* Exercise aim: Print out each entry below in full, exactly as given, excluding pictures.
#### Supplied data
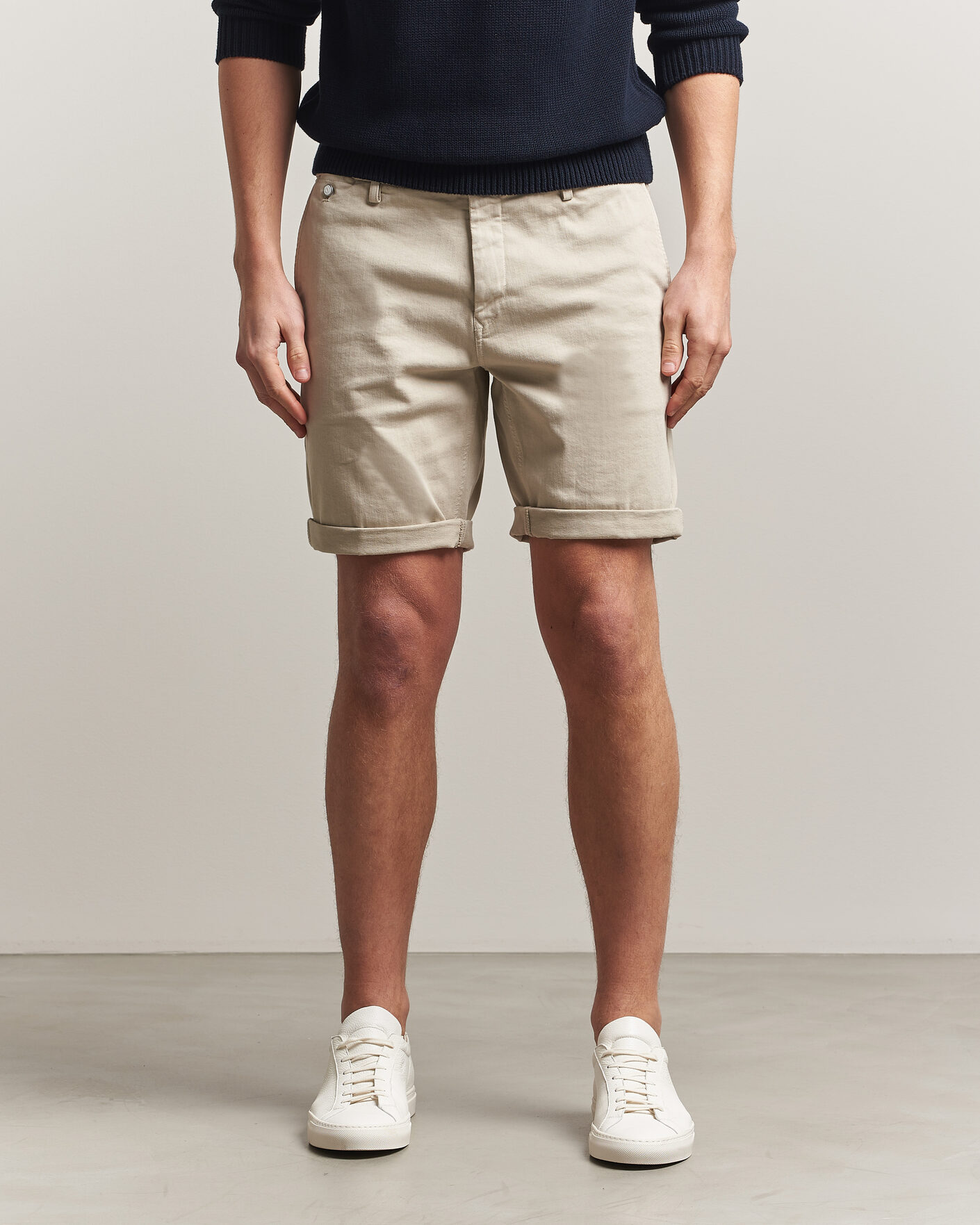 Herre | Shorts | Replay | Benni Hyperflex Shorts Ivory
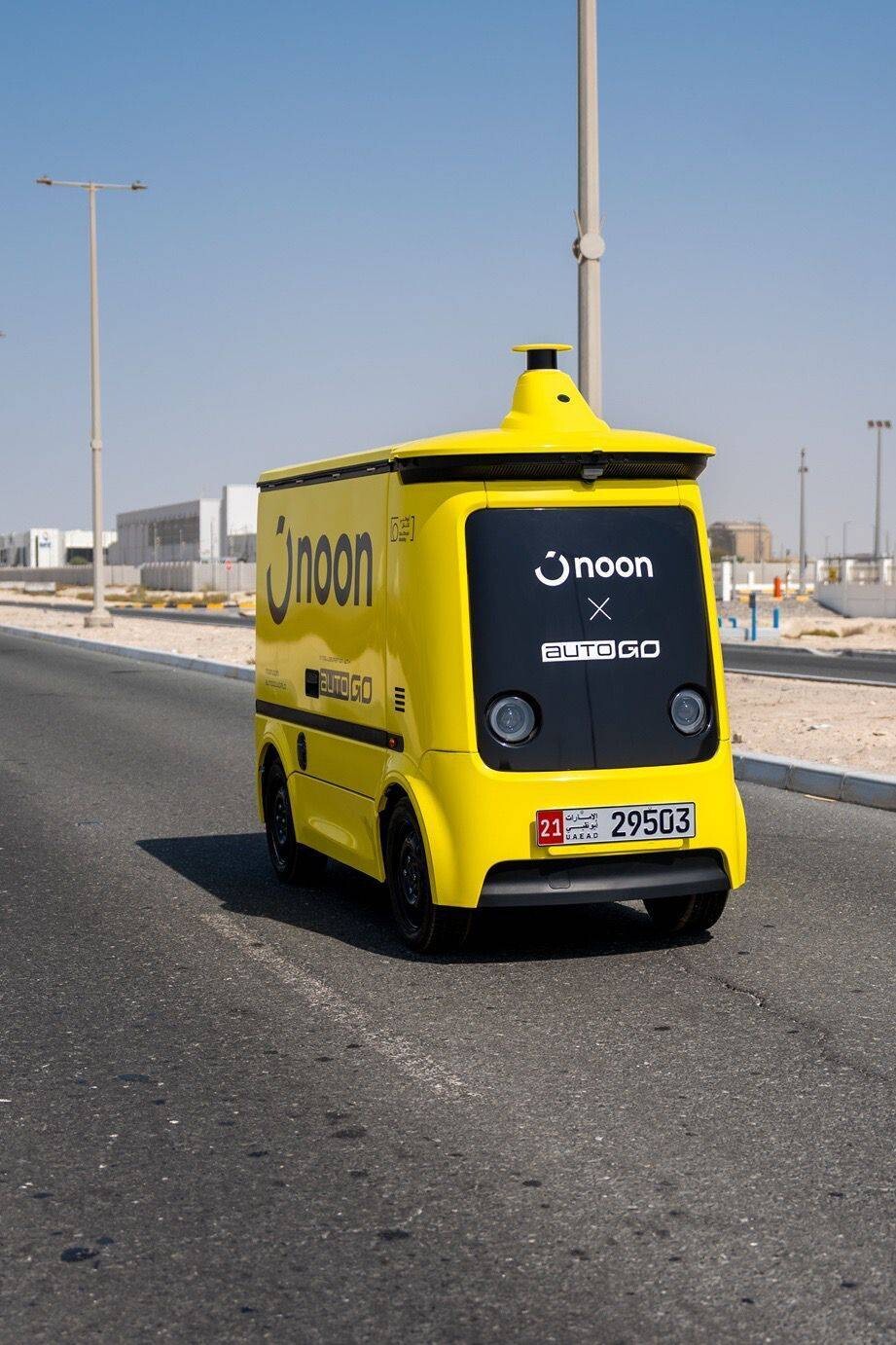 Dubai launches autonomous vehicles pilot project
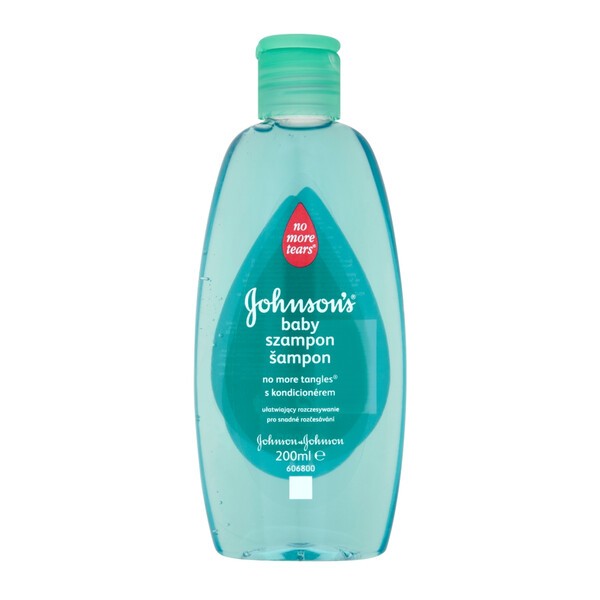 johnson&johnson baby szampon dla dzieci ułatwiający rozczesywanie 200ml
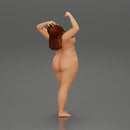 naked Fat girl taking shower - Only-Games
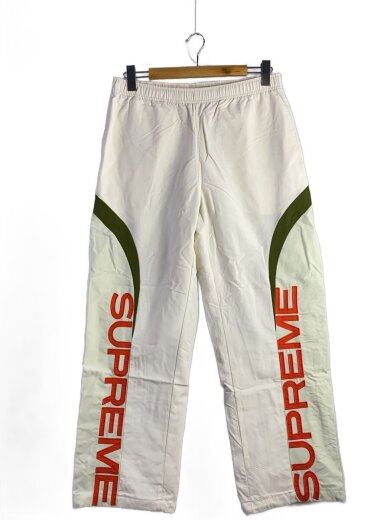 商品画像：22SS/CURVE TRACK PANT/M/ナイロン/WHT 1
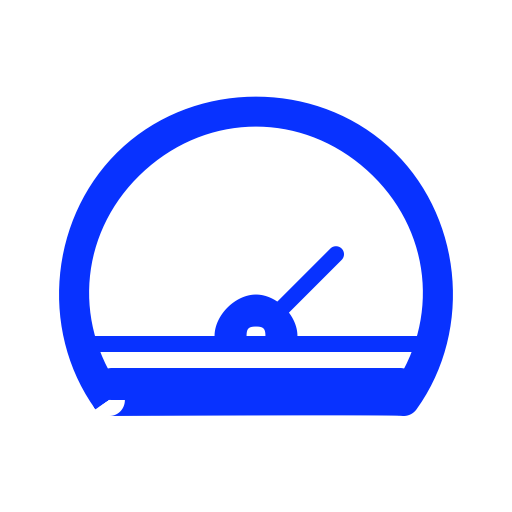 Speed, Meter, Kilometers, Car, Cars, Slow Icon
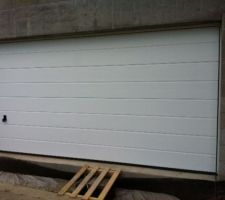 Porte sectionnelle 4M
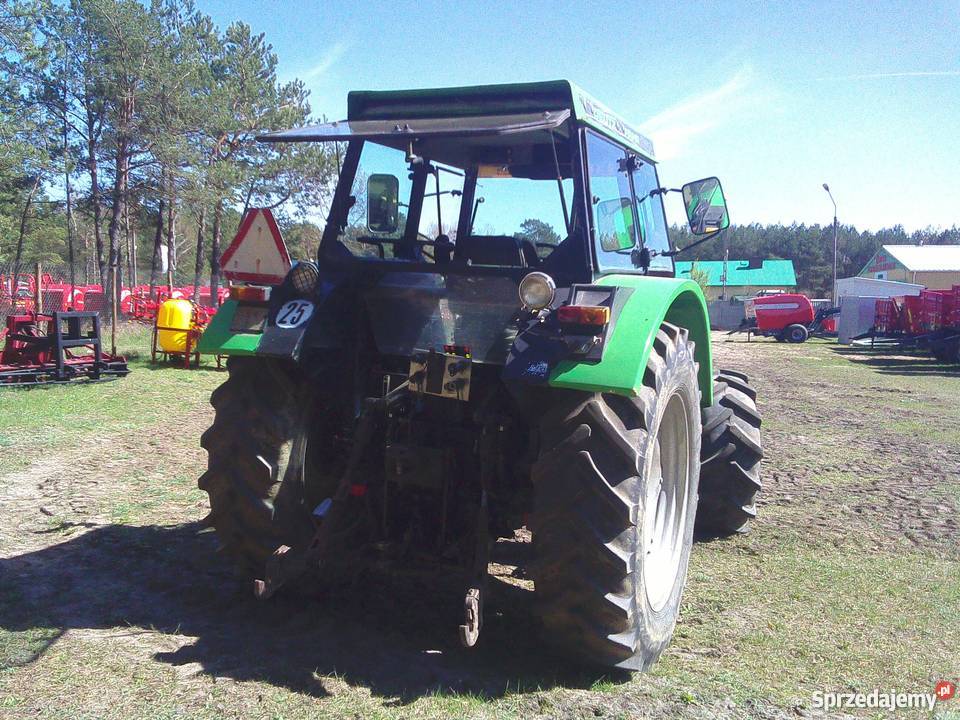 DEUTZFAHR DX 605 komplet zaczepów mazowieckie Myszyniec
########
* Response to this task:
 Herre | Shorts | Replay | Benni Hyperflex Shorts Ivory
 Dubai launches autonomous vehicles pilot project
 johnson&johnson baby szampon dla dzieci ułatwiający rozczesywanie 200ml
 naked Fat girl taking shower - Only-Games
 商品画像：22SS/CURVE TRACK PANT/M/ナイロン/WHT 1
 Speed, Meter, Kilometers, Car, Cars, Slow Icon
 Porte sectionnelle 4M
 DEUTZFAHR DX 605 komplet zaczepów mazowieckie Myszyniec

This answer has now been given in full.